Kiku : “Entah kata-kata apalagi yang akan keluar dari mulut Aasa-san kalau tahu kita mengintip ini…”
Esok paginya. Alfred tengah membuka blog Kiku. Dan… jreeeeng! Dia nyaris jantungan membaca headline blog Kiku!
HEADLINE TER-‘HOT’ BULAN INI: ARTHUR-ALFRED BERPELUKAN, UHUY! (by Francis Bonnefoy)
“Semalam, Arthur dan Alfred berpelukan di dalam hutan, diterangi cahaya bulan, sangat romantis, uhuy! Abang Francis punya videonya, loh, dan Kiku alias pemilik blog ini punya fotonya! Silakan lihat di galeri foto!”

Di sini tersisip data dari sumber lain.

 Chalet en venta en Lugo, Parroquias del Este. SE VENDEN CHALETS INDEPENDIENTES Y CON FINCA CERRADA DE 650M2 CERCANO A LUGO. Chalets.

Alfred cengo berat waktu liat galeri Kiku yang isinya penuh foto-foto dan video tentang kejadian semalam—sewaktu dia memeluk Arthur! Oh siallll, ingin rasanya Alfred membantai Francis!!
Di tempat lain pada waktu yang sama, Arthur juga tengah membuka blog Kiku atas saran Yao (yang dikasih tau Francis sendiri). Coba tebak reaksinya?
“AN****!! BA****AN! BA*****!! SINTING LO SEMUA!!!!!!! @#$%&*!!!!”